Boham graduated from St. Ignatius High School in 1978. She earned a B.A. in sociology from the University of Montana in 1982. She received a M.Ed. in Adult and Higher Education from Montana State University in 1991. In 2014, Boham earned a Ed.D. in Education Leadership from the University of Montana. Her dissertation was titled "The Relationship Between Intergenerational Educational Experiences, School Culture/Climate, and Racial Identity Among American Indian High School Students." John Matt was her faculty supervisor.

== Career ==
Early in her career, Boham taught math, English, and reading at the Women's Correctional Center in Warm Springs, Montana, for one year. From 1984 to 1986, she worked as a basic education instructor at the Kicking Horse Job Corps Center. She first joined the administration of Salish Kootenai College (SKC) in 1986, serving as the registrar and admissions officer until 1989.

In the 1990s, Boham relocated to California, where she worked as an employment development specialist for the Northern California Indian Development Council from 1992 to 2003. Concurrently, from 1993 to 2003, she served as associate faculty in Native American Studies at both Humboldt State University and the College of the Redwoods.

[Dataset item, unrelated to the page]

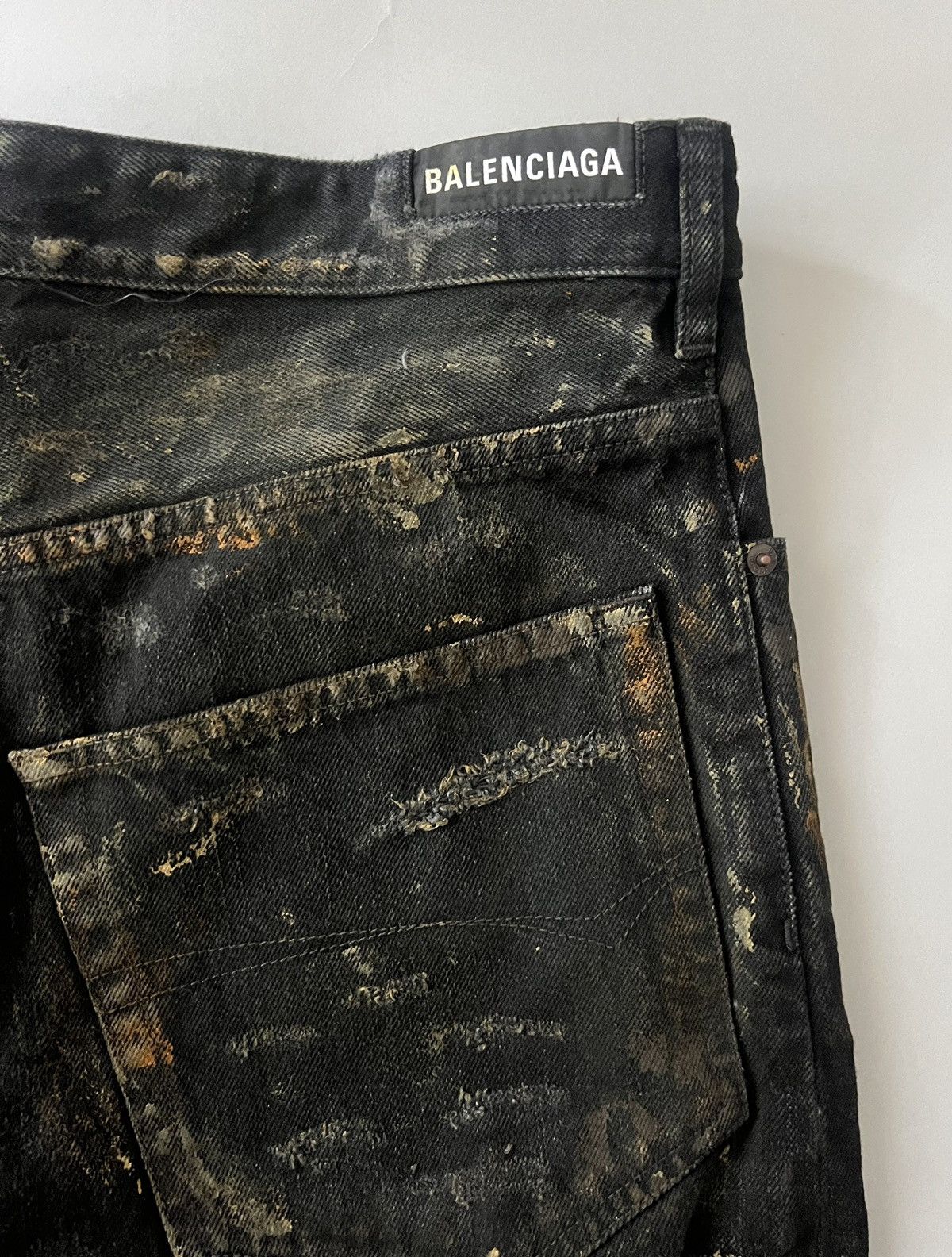 Balenciaga Balenciaga Mud Super Destroyed Baggy Jeans Size US 34 / EU 50 - 7 Thumbnail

Boham returned to Salish Kootenai College in 2003, serving as the assistant director of Upward Bound GEAR UP until 2004, followed by a role as a financial aid specialist from 2004 to 2006. From 2006 to 2014, she served as the director of Indian Education for Great Falls Public Schools. During her tenure in Great Falls, she helped revive cultural connections for students. By the time she departed, 125 students were singing and five drum groups had been formed.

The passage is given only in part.